Statistical analyses

Descriptive analysis for the study population, blood pressure and lung function measures was done using chi-square and Kruskal Wallis tests to determine significance levels. Kruskal-Wallis tests and multivariable linear regression models were applied to study the association between the abovementioned classes of high blood pressure and antihypertensive medication and lung function outcomes. Additionally, high blood pressure and antihypertensive medication were used as individual variables in one regression model. P-values < 0.05 were considered statistically significant for all analyses. All statistical analysis was performed with SAS, version 9.13.

Results

Table 1 shows gender-specific characteristics of the 1319 participants with complete data on lung function tests and blood pressure measurements. Women had a significantly lower body mass index (BMI), smoked less and their blood pressure readings and absolute lung function values were lower, whereas their percent predicted lung function values were higher compared to men (p < 0.01 for each comparison). Overall high blood pressure was less prevalent in women compared to men (10.3% versus 23.1%; p < 0.01). However, for the use of antihypertensive medication there was no difference between women and men.

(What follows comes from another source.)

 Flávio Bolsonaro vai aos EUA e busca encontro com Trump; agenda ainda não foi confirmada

Table 1. Characteristics of the study population based on KORA F4, persons aged 40-65 years with blood pressure measurements and lung function tests

In subjects with high blood pressure FEV1 % predicted (105.8 ± 16.0 versus 109.3 ± 16.9; p < 0.01) and FVC % predicted (111.6 ± 14.8 versus 117.0 ± 15.5; p < 0.01) were significant lower (Table 2). A similar significant difference of FEV1 % predicted (105.4 ± 16.4 versus 109.5 ± 16.8; p < 0.01) and of FVC % predicted (111.9 ± 16.1 versus 117.1 ± 15.3; p < 0.01) could be shown for the use of antihypertensive medication irrespective of high blood pressure. Furthermore, an effective blood pressure treatment and an ineffective blood pressure treatment, meaning high blood pressure despite the use of antihypertensive medication, were associated with lower FEV1 % (p = 0.04 and p < 0.01, respectively) and FVC % predicted values (p = 0.01 and p < 0.01, respectively).

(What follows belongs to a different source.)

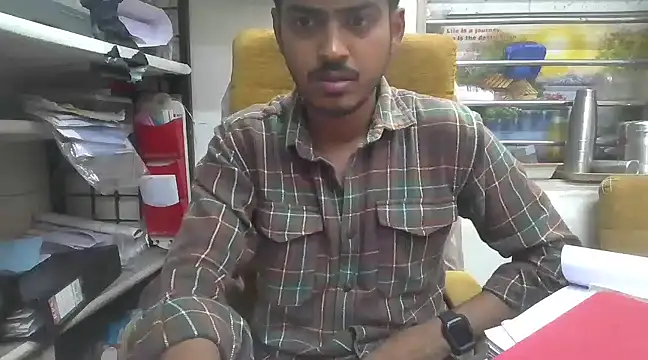 cute modell online show from February 28, 12:31 pm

Table 2. Crude association between high blood pressure, antihypertensive medication and lung function

Similar results for the association between high blood pressure, antihypertensive medication and lung function could be shown in men. In women FEV1 and FVC % predicted values did not differ between subjects with and without high blood pressure. However, the use of antihypertensive medication irrespective of high blood pressure was associated with a significant reduced FEV1 and FVC % values in women (p = 0.02 and p < 0.01, respectively).

The descriptive analysis (Table 2) of the association between lung function and antihypertensive medication showed that both BBL and other antihypertensive medication, as for example ACE inhibitors, angiotensin antagonists, diuretics or calcium antagonist, are associated with reduced FEV1 and FVC % predicted values (p = 0.01 and p < 0.01, respectively).

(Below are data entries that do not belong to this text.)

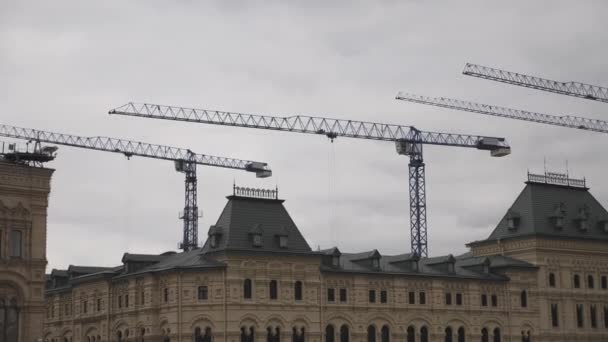 Plaza Roja, Moscú, Rusia. Middle Trading Rows o la anterior Segunda Casa del Ministerio de Defensa. Reconstrucción del casco antiguo de la ciudad. grúas torre de trabajo sobre un fondo de cielo gris en el — Vídeos de Stock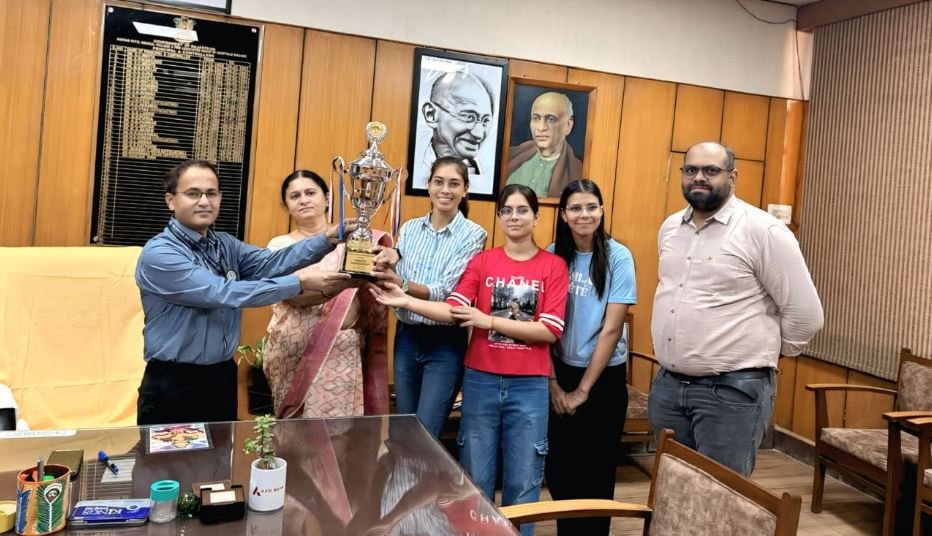 सफेद कोट के साथ मैट पर दंगल: एमबीबीएस छात्राओं ने रचा इतिहास, इंटरकॉलेज टूर्नामेंट में लहराया परचम
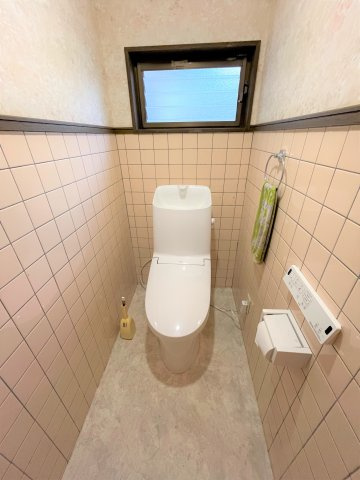 【トイレ】 | 恩田小学校に通える中古住宅平家　宇部市恩田町２丁目 | コンパクトで使いやすいトイレです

The application of multivariable regression models revealed that high blood pressure as well as antihypertensive medication are associated with lower FEV1 (p = 0.02 and p = 0.05, respectively) and FVC values (p = 0.01 and p = 0.05, respectively) after adjusting for sex, age, height, weight, education level, packyears of smoking, pulmonary and cardiac diseases (Table 3, Model 1 and 3). When using both high blood pressure and antihypertensive medication as individual variables in one regression model, it could be shown, that both variables were associated with reduced lung function values (Model 6). However, antihypertensive medication showed only a trend toward a significant association with lower FEV1 and FVC values (each p = 0.08). Furthermore, the adjusted regression models with mutual exclusive categories pointed out that the combination of high blood pressure and the use of antihypertensive medication had the strongest negative effect on lung function (Model 4). Thus, among treated but not controlled hypertensive subjects FEV1 had a lower volume of 160 mL and FVC of 170 mL compared to subjects with no high blood pressure and no antihypertensive medication (each p = 0.02 and p = 0.02). A detailed analysis of antihypertensive medication showed that the use of BBL was associated with reduced FEV1 and FVC values, whereas other antihypertensive medication had no effect on lung function (Model 5). However, it has to be considered that the effect of BBL was significant for FVC (p = 0.03) while for FEV1 the association was of borderline significance (p = 0.07). A further model including BBL, other antihypertensive medication and high blood pressure showed similar negative effects of BBL on FVC (p = 0.04) and FEV1 (p = 0.07). Besides, high blood pressure was associated with reduced FVC (p = 0.01) and FEV1 (p = 0.03) values, too (Model 5a). An additional sensitivity analysis of the models 5 and 6, where we excluded subjects with obstructive lung diseases, showed that the effect of BBL still exists. Although the significance level declined the magnitude effect estimates did not change. For all multivariable regression models the adjusted r-squared value was 0.65 for FEV1 and 0.73 for FVC.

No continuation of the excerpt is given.